Older people forget that even if younger people know a history, the context is often lost. So here's a story about Leninism & the US Left for late millennials & Zoomers. Until at least Nov '99, Leninists (inc Trots, Maoists & Stalinists) were omnipresent & usu dominated the Left.
They were literally everywhere once you got to the left of the Dems (and not infrequently even there on the edges). Any issue, any demo, any open meeting, they were there - almost always with newspapers, slogans & often trying to hijack it. You see the same thing today but...
you have the imagine that this was EVERYWHERE. These three annoying tankies and the right-wing of DSA? Now imagine they switched places with everyone into identity politics today. The Leninist sects were all-pervasive and to avoid them you had to literally meet in secret or have
an issue so repulsive to them that they'd quickly go away (radical environmentalism or animal rights).
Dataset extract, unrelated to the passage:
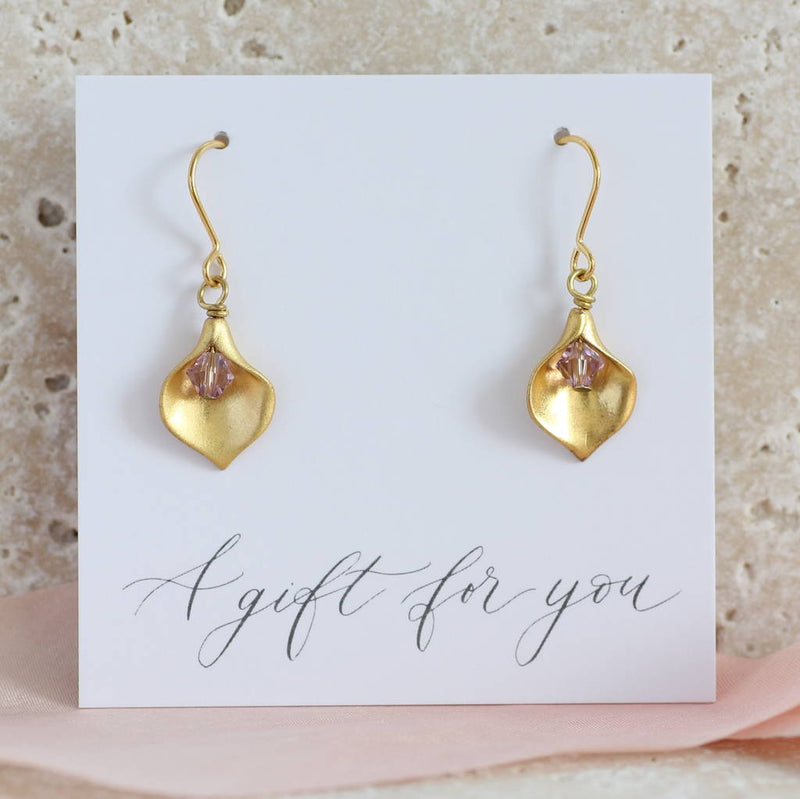 Gold calla lily birthstone earring with June light amethyst birthstone crystal presented on a gift for you sentiment card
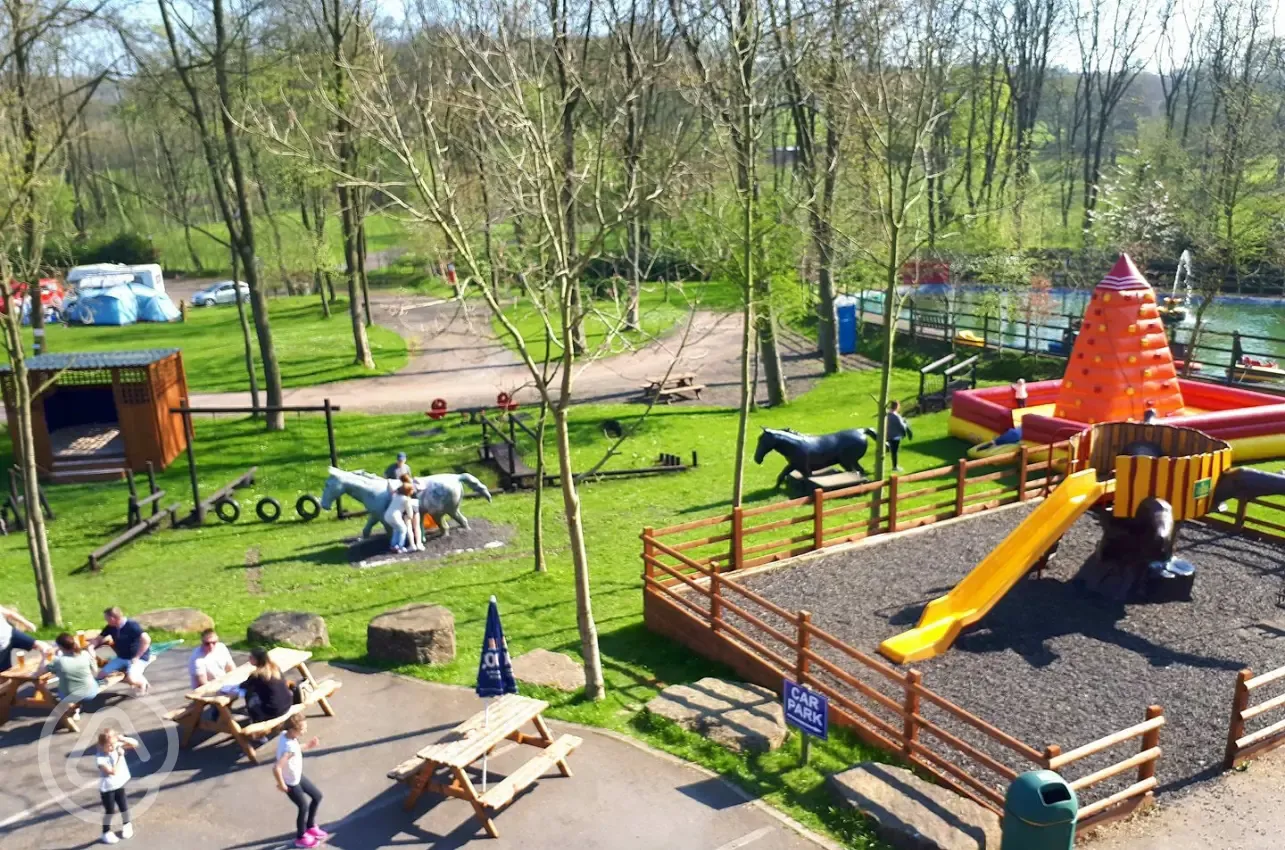 Play park and bench seating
It was only with the anti-WTO demo in Seattle in Nov 99 & ensuing movement that this switched; and then it went back to the Leninists, whose front groups dominated the anti-war
moements of 2001 and 2003-4. After that they faded (largely b/c of age if you ask me), finally with Occupy being clearly in a subordinate position (or they would have taken it over if it had been a decade or more prior). Anyway, no point to this other than I was surprised that
someone I was talking to who was younger than me didn't understand this, and what an uphill struggle anarchists had in the 70s-90s. And don't get me started on how the RCP were everywhere all the time....
to this day, when someone says something about a non-class/economic issue, I still hear in my head "But what about the working class!" and/ or "After the revolution that problem [racism/homophobia/ patriarchy] will go away because it is a product of capitalism!"